Texto: Oséias 11.01-09

Queridos irmãos em Jesus Cristo,

A palavra de Deus que vamos ouvir hoje a noite não é somente uma boa palavra para todos os pais e para todos os nossos filhos, mas para toda a congregação. Esta palavra pode ser usada para mostrar como devemos amar os nossos filhos e como devemos respeitar os nossos pais. Mas estas palavras não servem em primeiro lugar para nos ensinar como os pais e os filhos devem viver juntos tanto quanto para mostrar como Deus é o nosso Pai. E assim Ele é um exemplo para todos os pais.

Mas essa não é a mensagem principal. Em primeiro lugar vamos falar sobre o AMOR DE DEUS, pois isso é a mensagem principal deste texto.

O AMOR DE DEUS, O NOSSO PAI CELESTIAL.

E assim o nosso texto tem uma conexão forte com Salmo 103:
“O Senhor é misericordioso e compassivo; longânime e assaz benigno; Não repreende perpetuamente, nem conserva para sempre a sua ira. Não nos trata segundo os nossos pecados, nem nos retribui consoante as nossas iniqüidades. Pois quanto o céu se alteia em cima da terra, assim é grande a sua misericórdia para com os que o temem. Quanto dista o Oriente do Ocidente, assim afasta de nós as nossas transgressões. Como um pai se compadece de seus filhos, assim o Senhor se compadece dos que o temem.”.

E sabemos que o Salmo 103 está bem ligado com a celebração da Santa Ceia. A semana que vem vamos celebrar a Santa Ceia. Vamos nos preparar para isso! E por causa disso queria pregar este texto, que fala também sobre o amor de Deus.

TEMA: O AMOR DO NOSSO PAI CELESTE PREVALECE APESAR DA AFRONTA DOS SEUS FILHOS.

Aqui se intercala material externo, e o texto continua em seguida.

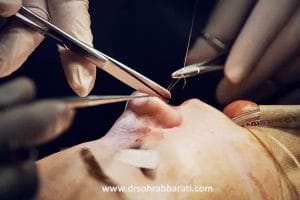 بخیه زدن بینی بعد از عمل _ دکتر سهراب براتی 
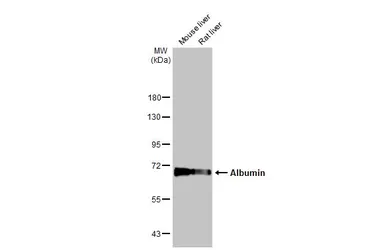 Anti-Albumin antibody used in Western Blot (WB). GTX102419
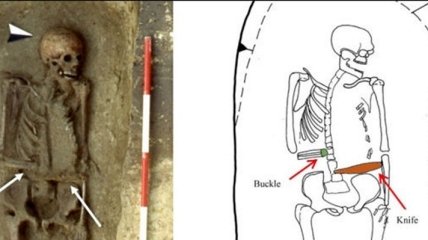 Археологи обнаружили скелет мужчины, прожившего жизнь с ножом вместо руки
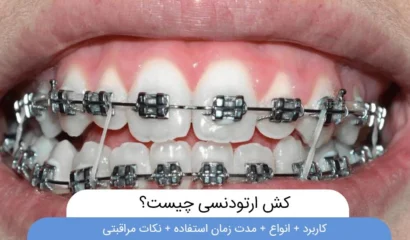 کش ارتودنسی چیست؟
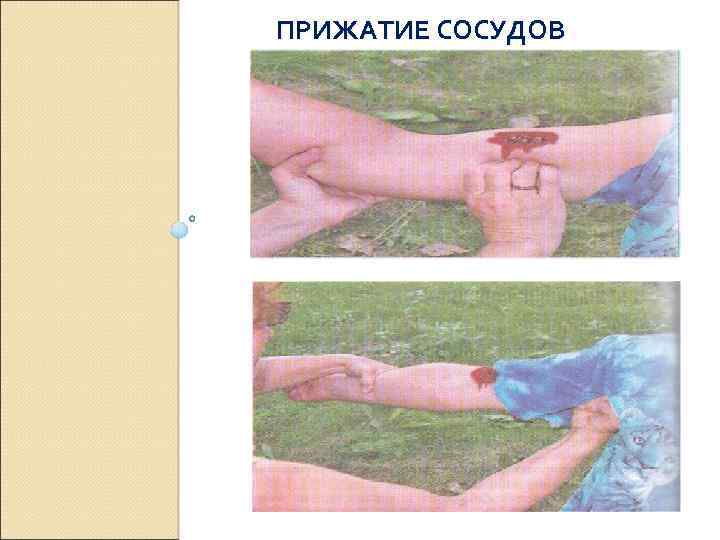 ПРИЖАТИЕ СОСУДОВ 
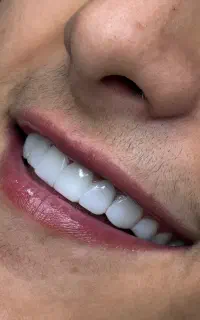 زیباترین کامپوزیت بدون هیچ پرداخت اولیه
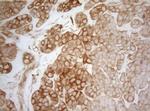 AHA1 Antibody in Immunohistochemistry (Paraffin) (IHC (P))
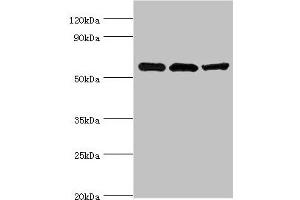 Western blot All lanes: Aldehyde dehydrogenase X, mitochondrial antibody at 4 μg/mL Lane 1: Hela whole cell lysate Lane 2: Rat brain tissue Lane 3: HepG2 whole cell lysate Secondary Goat polyclonal to rabbit IgG at 1/10000 dilution Predicted band size: 57 kDa Observed band size: 57 kDa (ALDH1B1 antibody  (AA 278-517))
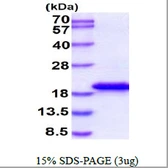 Human IL1F5 protein, His tag. GTX68383-pro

Deus: um Pai misericordioso

Em vários lugares do antigo Testamento Deus é chamado de “Pai”. O capítulo 11 de Oséias é talvez o testemunho mais forte disso. Fica muito claro, em tudo, que Deus é Pai. E que Pai ele é! Ele é um Pai que ama, um Pai que ama além do nosso entendimento. Olhando as colocações do profeta Oséias dá para sentir que Deus é um Pai paciente, carinhoso e amoroso. Ainda quando seu filho era criança, Deus o amou (Oséias 11:1). Este filho é o seu povo, o qual ele chama carinhosamente, em Oséias 11:7: “o meu povo”. O povo de Israel é o povo escolhido e chamado por Deus, o povo da aliança (Oséias 11:1). Deus chamou seu povo do Egito, para tirá-lo da escravidão e para pô-lo em liberdade, para que o seu povo o amasse. Era isso que Deus queria: um povo que o amasse. Deus quer conquistar o coração do seu filho. E Deus faz tudo para realizar isso.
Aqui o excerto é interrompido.